Далеко не признавая превосходный моральный характер ранних обществ, я не сомневаюсь, что нации, по мере того как они становятся старше и, таким образом, приближаются к своему падению, представляют гораздо более удовлетворительный вид с точки зрения цензора. Обычаи становятся менее жесткими, острые углы сглаживаются, путь жизни становится легче, права, существующие между человеком и человеком, имели время стать лучше определенными и понятыми, и поэтому теории социальной справедливости достигли, мало-помалу, более высокой степени деликатности. Во времена, когда греки свергли Империю Дария или когда готы вошли в Рим, вероятно, было гораздо больше честных людей в Афинах, Вавилоне и имперском городе, чем в славные дни Гармодия, Кира Великого и Валерия Публиколы.

Нам не нужно возвращаться к тем далеким эпохам, но мы можем судить о них по себе. Париж, безусловно, является одним из мест на этой земле, где цивилизация достигла своей высшей точки и где контраст с примитивными веками наиболее заметен; и все же вы найдете большое количество религиозных и ученых людей, признающих, что ни в каком месте и времени не было так много примеров практической добродетели, искреннего благочестия, святых жизней, управляемых прекрасным чувством долга, как те, что встречаются сегодня в великом современном городе. Идеалы добра так же высоки сейчас, как они когда-либо были в самых возвышенных умах семнадцатого века; и они отбросили горечь, оттенок суровости и дикости — я чуть не сказал, педантизма, — которые иногда окрашивали их в ту эпоху. И поэтому, в качестве компенсации за ужасные извращения современного духа, мы находим в самом храме, где этот дух установил высокий алтарь своей власти, поразительный контраст, который никогда не представал перед прежними веками в том же утешительном свете, как перед нашим.
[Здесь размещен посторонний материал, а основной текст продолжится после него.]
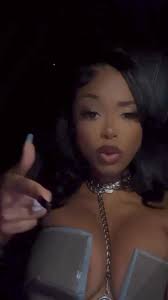 Lady London Freestyle 🔥🔥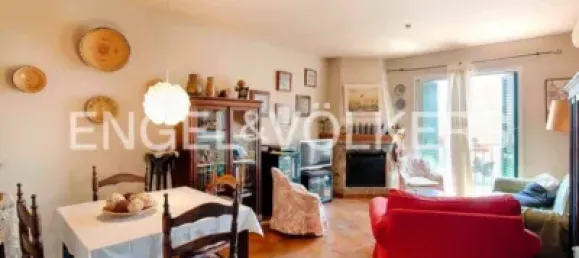 3 Schlafzimmer Haus in Garriguella, Spain, Nr. 190365 4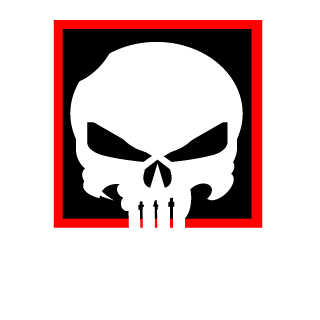1280718dcfaa5868's emblem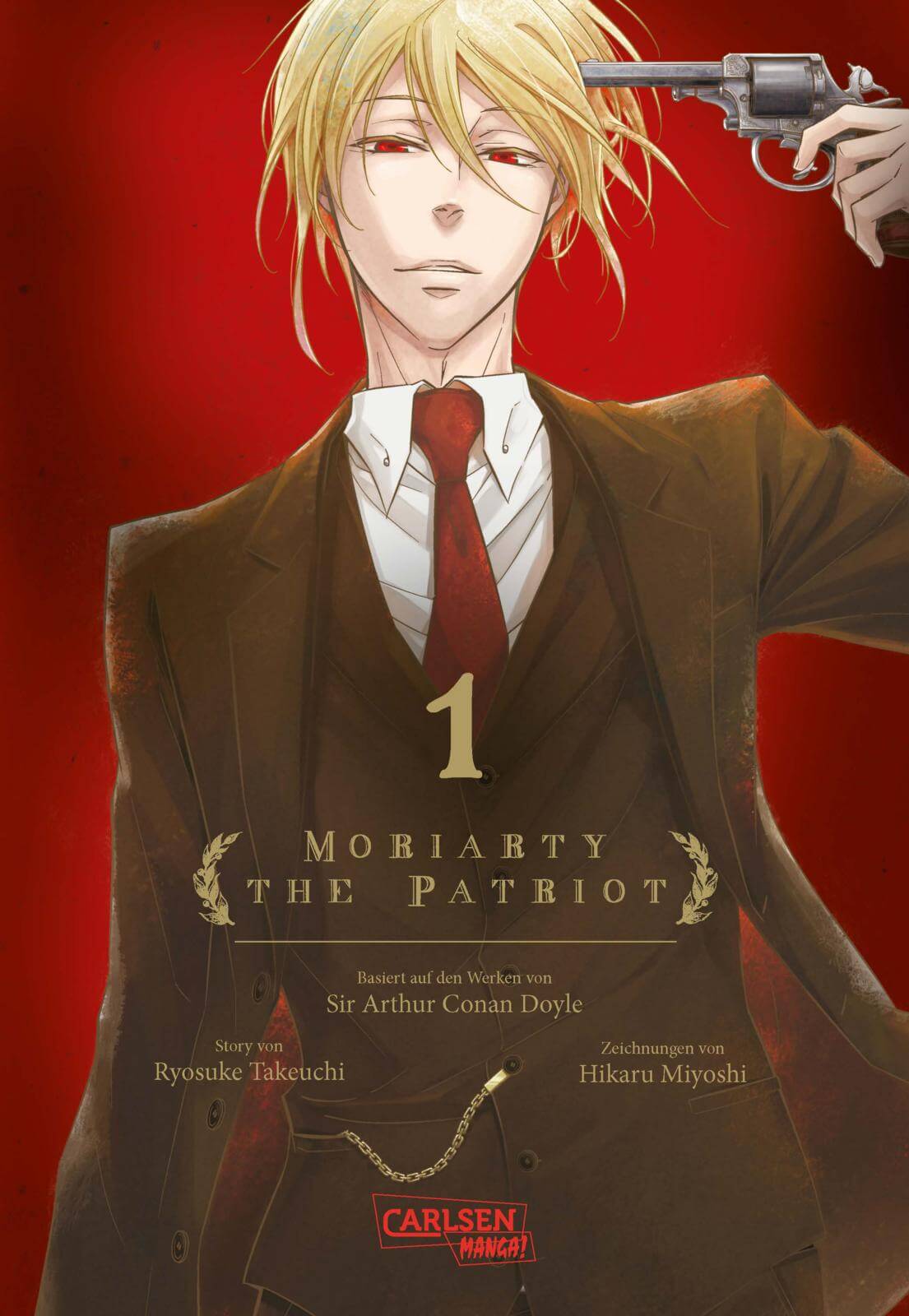 ANS_9783551746467_2D-1 Moriarty the Patriot 1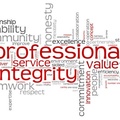 Jerome J. Redington Associates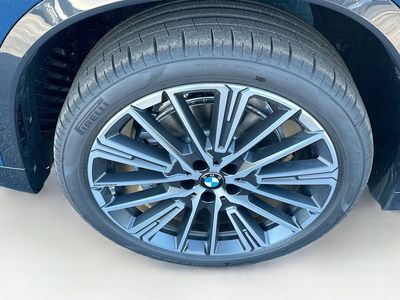 2026 BMW X1 - Photo 26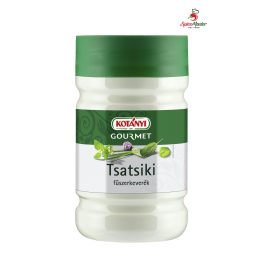 KOTÁNYI TZATSIKI 770 g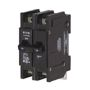 QCD2020 - Type QCD Breaker 2P 20A Din Rail Mounting 120/240V - Eaton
Я даже не верю, что существует недостаток великих людей в периоды коррупции и декаданса; и под «великими людьми» я имею в виду тех, кто наиболее богато одарен энергией характера и мужскими добродетелями. Если я посмотрю на список римских императоров (большинство из них, кстати, были так же выше своих подданных по заслугам, как и по рангу), я найду имена вроде Траяна, Антонина Пия, Септимия Севера и Иовиана; и под троном, даже среди городской черни, я вижу с восхищением всех великих теологов, великих мучеников, апостолов примитивной Церкви, не говоря уже о добродетельных язычниках. Сильные, храбрые и активные духи наполняли лагеря и итальянские города; и можно сомневаться, держал ли Рим во времена Цинцинната в пропорции так много людей, выдающихся во всех сферах практической жизни. Свидетельство фактов является окончательным.

Таким образом, люди сильного характера, люди таланта и энергии, далеко не будучи неизвестными человеческим обществам во времена их декаданса и старости, на самом деле встречаются в большем изобилии, чем в дни, когда империя молода. Далее, обычный уровень морали выше в более поздний период, чем в более ранний. Неверно в общем говорить, что в государствах на грани смерти развращение нравов более вирулентно, чем в тех, что только родились. Столь же сомнительно, вызывает ли эта коррупция их падение; ибо некоторые государства, далеко не умирая от своей извращенности, жили и жирели на ней. Можно пойти дальше и показать, что моральная деградация не обязательно является смертельной болезнью вообще; ибо, в отличие от других недугов общества, она имеет преимущество быть излечимой; и излечение иногда бывает очень быстрым.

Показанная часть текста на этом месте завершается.